An indirect cost rate is a ratio of indirect and direct costs that is approved by your cognizant federal agency which you are allowed to use in budgets in future governmental contracts. There are several words in that sentence that I think we need to define before discussing anything else.
#1 – Your organization’s cognizant agency is the federal department with the largest dollar amount of direct federal awards. Federal funding received through another agency, such as a state or city government agency, does not count towards this determination.
#2 – Indirect costs are expenses your organization incurs for activities that cannot be specifically identified with a project or program. Examples of these expenses are operations, maintenance, depreciation, legal, IT, accounting, auditing, etc. Other terms that you might recognize as indirect costs are overhead costs, administration costs, and facilities costs.
Your organization is eligible to apply for an indirect cost rate if you have a direct federal award (already issued and final – not pending) and the award’s budget allows for indirect costs. To receive an indirect cost rate, the organization submits a proposal to its cognizant agency. Some agencies provide examples of such proposals; DHHS Division of Cost Allocation handles a lot of proposals and has examples as well as the checklists that its people use to approve the proposals on its website.
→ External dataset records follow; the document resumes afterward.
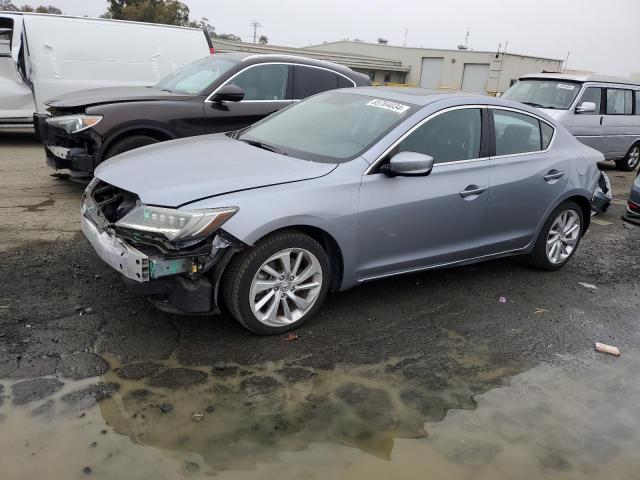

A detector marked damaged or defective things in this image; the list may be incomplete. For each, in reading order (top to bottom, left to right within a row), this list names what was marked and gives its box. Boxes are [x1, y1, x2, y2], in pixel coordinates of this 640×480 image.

front bumper damage [34, 112, 100, 176]
damaged vehicle [0, 11, 211, 129]
front bumper damage [82, 182, 245, 314]
damaged vehicle [36, 52, 370, 179]
damaged vehicle [84, 88, 604, 334]
damaged vehicle [620, 171, 640, 225]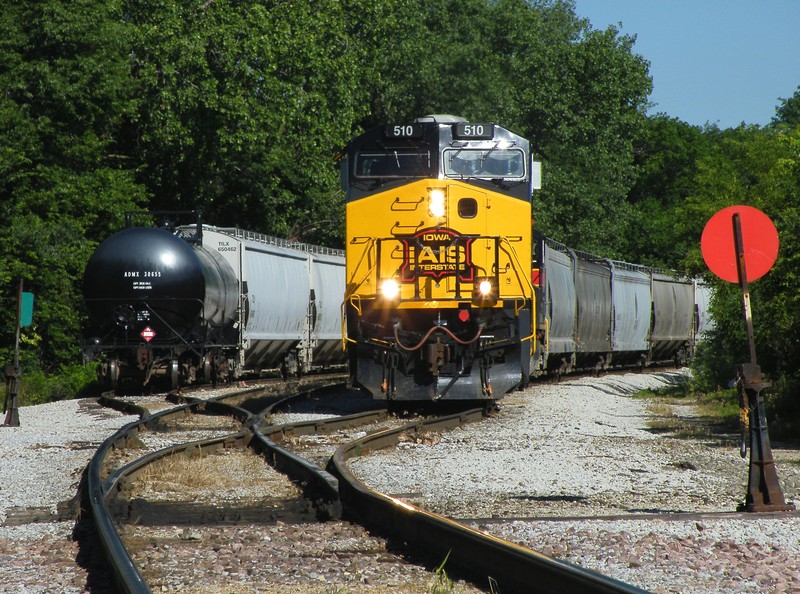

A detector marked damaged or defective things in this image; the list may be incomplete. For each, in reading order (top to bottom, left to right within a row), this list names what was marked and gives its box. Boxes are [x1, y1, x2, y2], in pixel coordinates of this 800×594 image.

rusty metal post [736, 364, 792, 512]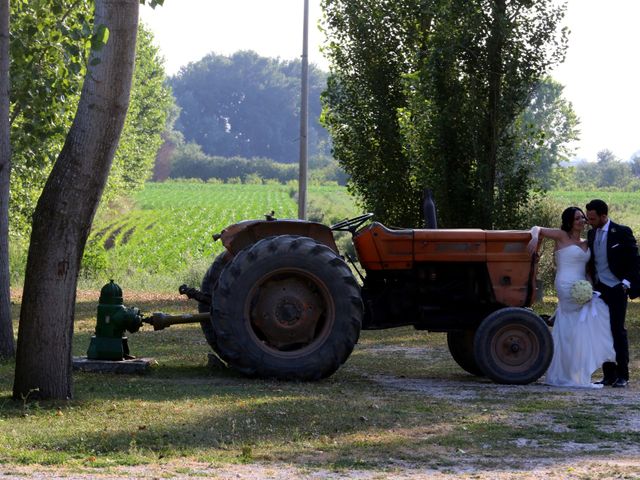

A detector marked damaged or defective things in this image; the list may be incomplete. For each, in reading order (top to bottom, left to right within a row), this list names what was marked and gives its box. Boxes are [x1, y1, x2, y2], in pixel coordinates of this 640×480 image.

rusty tractor wheel [199, 249, 234, 354]
rusty tractor wheel [212, 234, 362, 380]
rusty tractor wheel [448, 332, 482, 376]
rusty tractor wheel [472, 308, 552, 386]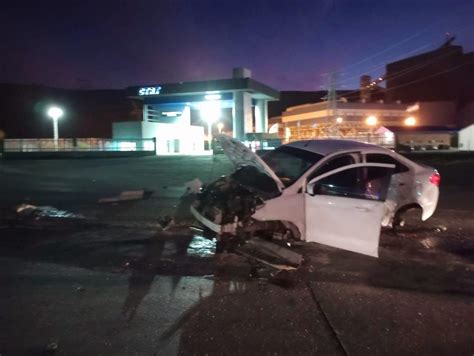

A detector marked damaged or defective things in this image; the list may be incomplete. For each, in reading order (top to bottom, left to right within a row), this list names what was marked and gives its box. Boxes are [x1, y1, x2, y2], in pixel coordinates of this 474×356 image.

wrecked white car [190, 135, 440, 258]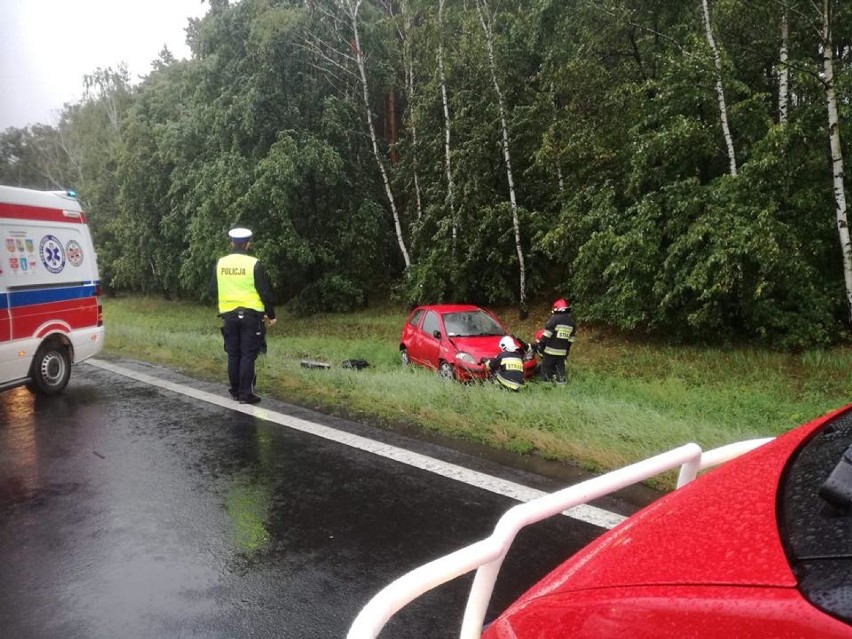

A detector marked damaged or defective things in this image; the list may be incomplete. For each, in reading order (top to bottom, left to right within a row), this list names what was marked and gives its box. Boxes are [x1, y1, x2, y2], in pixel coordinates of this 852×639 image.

crashed red hatchback [398, 304, 532, 382]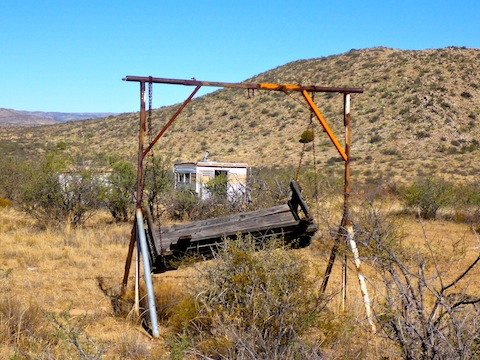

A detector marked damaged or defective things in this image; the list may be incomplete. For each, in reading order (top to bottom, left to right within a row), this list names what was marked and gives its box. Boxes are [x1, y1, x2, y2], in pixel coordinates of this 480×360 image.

rusted steel crossbar [122, 75, 362, 94]
rusty metal frame [122, 75, 376, 332]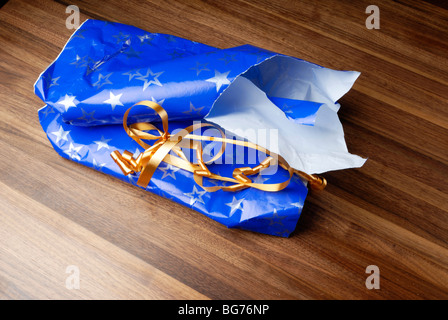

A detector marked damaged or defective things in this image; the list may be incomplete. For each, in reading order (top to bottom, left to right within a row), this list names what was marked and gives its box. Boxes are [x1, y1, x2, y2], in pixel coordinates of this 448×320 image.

torn wrapping paper [34, 18, 364, 236]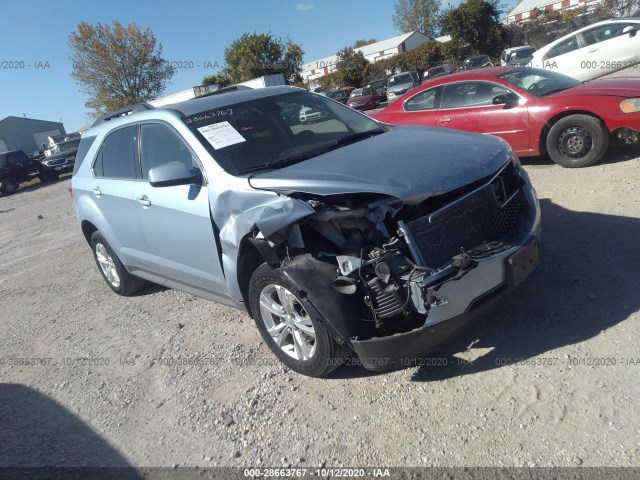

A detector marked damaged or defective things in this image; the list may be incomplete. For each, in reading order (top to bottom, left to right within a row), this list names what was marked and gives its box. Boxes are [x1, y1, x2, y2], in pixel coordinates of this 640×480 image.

front-end collision damage [214, 152, 540, 370]
crumpled hood [249, 124, 510, 203]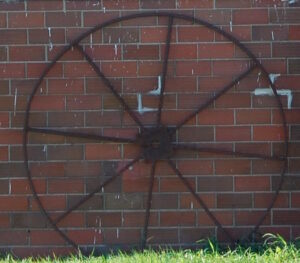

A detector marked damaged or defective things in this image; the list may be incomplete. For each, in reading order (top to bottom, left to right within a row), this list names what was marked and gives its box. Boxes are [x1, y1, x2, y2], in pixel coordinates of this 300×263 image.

rusty metal spoke [27, 126, 137, 143]
rusty metal spoke [53, 156, 142, 226]
rusty metal spoke [75, 44, 145, 133]
rusty metal spoke [142, 162, 158, 251]
rusty metal spoke [157, 16, 173, 128]
rusty metal spoke [166, 159, 234, 245]
rusty metal spoke [175, 62, 256, 132]
rusty metal spoke [172, 144, 284, 161]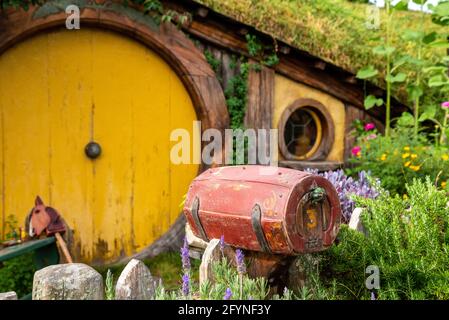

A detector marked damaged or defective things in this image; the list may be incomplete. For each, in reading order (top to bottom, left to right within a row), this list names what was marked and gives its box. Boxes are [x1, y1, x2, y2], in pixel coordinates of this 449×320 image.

The proposal will need to include your organization’s allocation method for indirect costs. There are three methods that you can use. The important thing to remember is to keep it as simple as possible and to not go outside of your organization’s comfort zone in developing the allocation method. You will need to be able to explain and possibly defend your method; and if it is too complicated, you might not be successful in obtaining the rate.
The simple method is used when significant functions benefit from the indirect costs in the same degree. Using this method there is only one pool of costs you have to allocate according to one base which results in only one rate. Your base should be appropriate for your organization and should be adjusted for any costs that your funding sources do not allow under their contracts.
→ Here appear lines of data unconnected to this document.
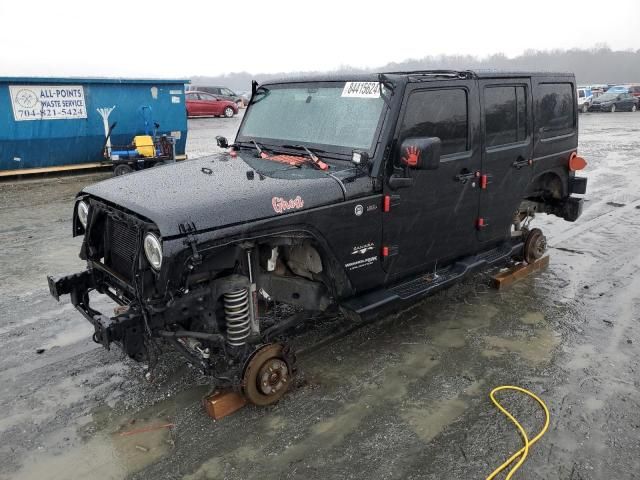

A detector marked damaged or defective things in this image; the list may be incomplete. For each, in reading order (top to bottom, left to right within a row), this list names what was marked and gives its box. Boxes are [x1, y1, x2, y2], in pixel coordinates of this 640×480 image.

damaged black jeep [50, 69, 588, 404]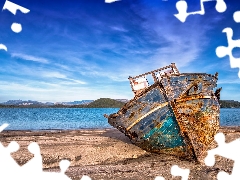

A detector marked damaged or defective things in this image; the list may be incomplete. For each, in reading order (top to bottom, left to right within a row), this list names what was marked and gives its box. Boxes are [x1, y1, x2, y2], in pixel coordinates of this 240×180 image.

peeling paint on hull [106, 63, 220, 162]
rusty boat hull [106, 64, 220, 162]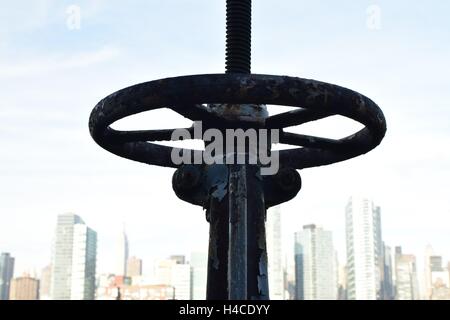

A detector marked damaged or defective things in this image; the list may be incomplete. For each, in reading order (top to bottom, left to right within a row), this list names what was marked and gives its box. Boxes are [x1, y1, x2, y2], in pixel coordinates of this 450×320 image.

rusty valve handwheel [89, 73, 386, 170]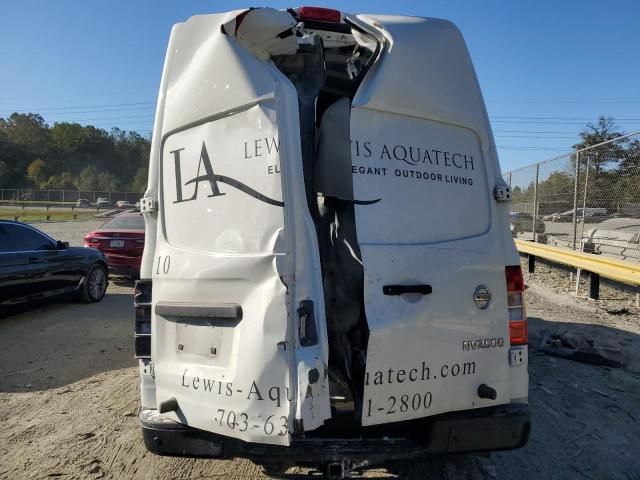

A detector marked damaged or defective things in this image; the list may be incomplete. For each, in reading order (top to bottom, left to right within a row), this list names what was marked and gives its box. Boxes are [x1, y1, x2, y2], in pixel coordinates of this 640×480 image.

damaged white van [135, 5, 528, 474]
The multiple allocation base method is used when the functions benefit in varying degrees. The best way to explain this is with an example: If your organization conducts research in 2 labs but one of the labs requires complete darkness and the other requires lights on 24 hours a day, then those two functions use electricity differently but utilize rental space the same way. This results in two different allocation bases for rent and electricity.
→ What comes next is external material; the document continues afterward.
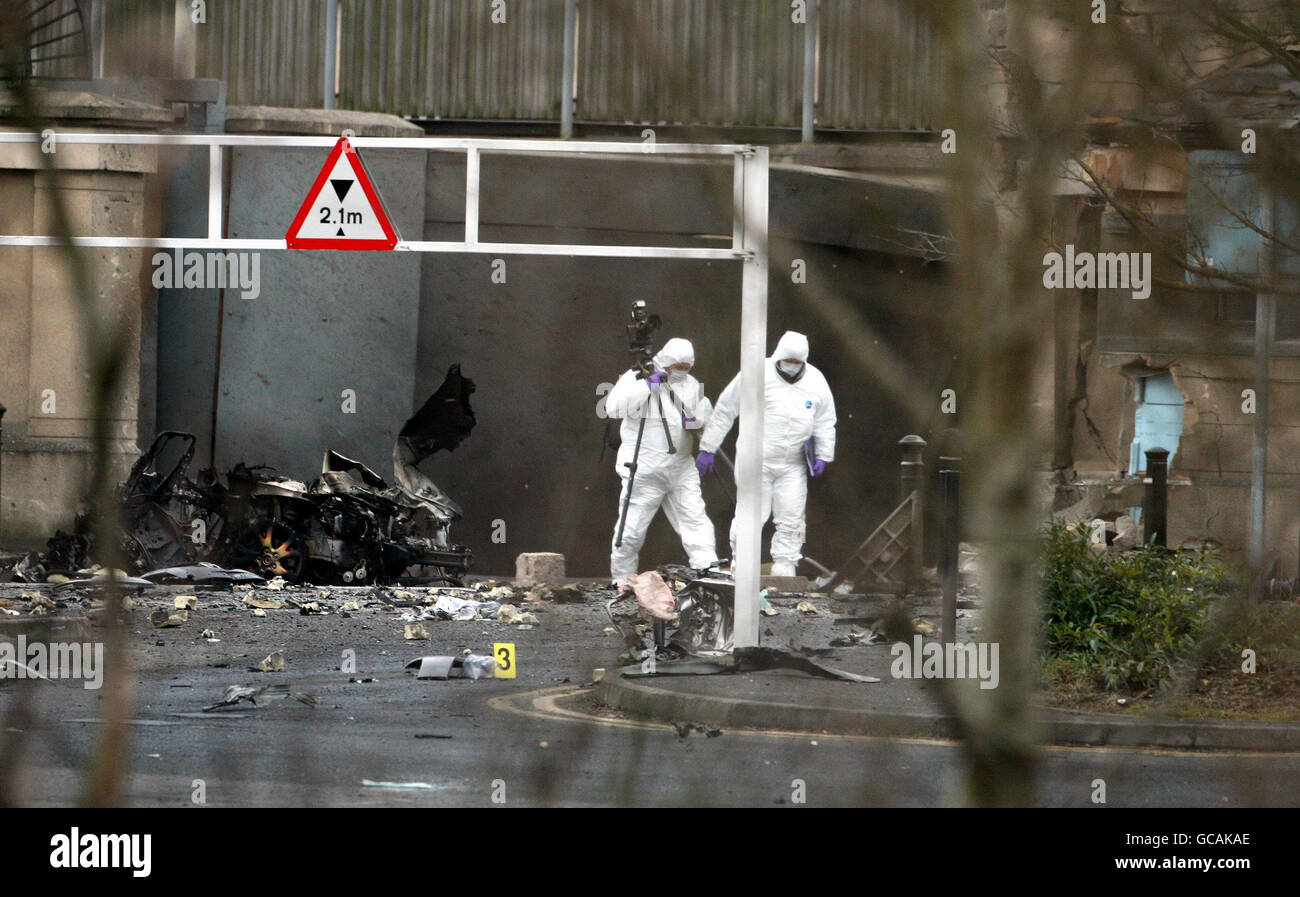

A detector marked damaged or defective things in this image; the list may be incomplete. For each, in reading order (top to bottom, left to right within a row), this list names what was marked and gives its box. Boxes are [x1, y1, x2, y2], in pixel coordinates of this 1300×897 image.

burned car wreckage [21, 366, 476, 588]
damaged building wall [418, 150, 952, 576]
The last method is the direct allocation method which involves the organization allocating as much as reasonably possible directly to the programs, leaving only the bare bones administrative expenses that cannot be feasibly allocated directly. Under the other two methods, the indirect cost pool would include things like rent, IT, telephone, etc. Under the direct allocation method, these expenses would be allocated directly to the functions using square footage, number of employees or number of telephones. Then the remaining indirect costs are allocated based on the rate calculated.
Having an indirect cost rate is beneficial for an organization because it can use the cost rate in proposals for all types of grants and contracts funded by governmental agencies. Under the new OMB Uniform Guidance, all sources awarding federal monies (directly or indirectly) to your organization must accept your indirect cost rate if you have one approved. It is also beneficial to have an indirect cost rate that is in line with the actual indirect costs that the organization incurs (and not an arbitrary number inserted into a budget), so that the organization can recover as much as possible.